Countable union of relatively compact sets

Question

Let $X$ be a topological space and $\mathcal K(X)$ be $\sigma$-algebra, generated by compacts of $X$. Prove that for any set $B \in \mathcal K(X)$ either $B$ or its complement can be represented as a countable union of relatively compact sets.

My attempt: Let $B\in K(X)$ be a proper subset of $X$. Since $B \in \mathcal K(X)$ either it is a countable union of compact sets or its complement is such. Since all compact sets are relatively compact, we're done.

So the whole question is if $X$ can be represented as a countable union of relatively compact sets. And I'm stuck on this. Could you help me?

Answer 1

By definition, $\mathcal{K}(X)$ is the smallest $\sigma$-algebra which contains the compacts.

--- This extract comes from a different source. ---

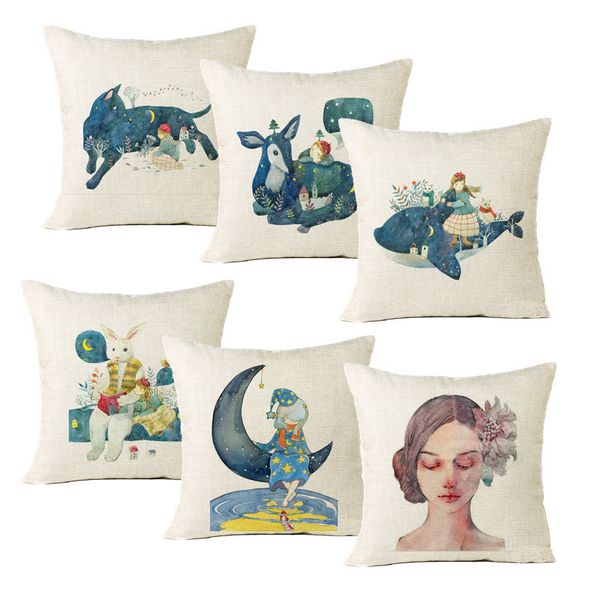 

новый мультфильм животных девушка серии наволочки 6 стилей компании рекламные рекламные подарки могут быть напечатаны логотип бесплатно наст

Let $\mathcal{A}$ denote the collection of all sets $A \subset X$ such that either $A$ or its complement $A^C$ is a countable union of relatively compact sets. Obviously $\mathcal{A}$ contains the compacts so, if $\mathcal{A}$ is also a $\sigma$-algebra, then $\mathcal{K}(X) \subset \mathcal{A}$ must hold.

• It is obvious that $\mathcal{A}$ is closed under complementation.
• Suppose $A_1,A_2,A_3\ldots \in \mathcal{A}$. If one of their complements, say $A_1^C$, can be expressed as a countable union of relatively compact sets, then so too can $\left( \bigcup_{i=1}^\infty A_i \right)^C = \bigcap_{i=1}^\infty A_i^C$ (why?). Otherwise, one must have that $A_i$ is a countable union of relatively compact sets for each $i$. In this case $\bigcup_{i=1}^\infty A_i$ can also be expressed in this form (why?).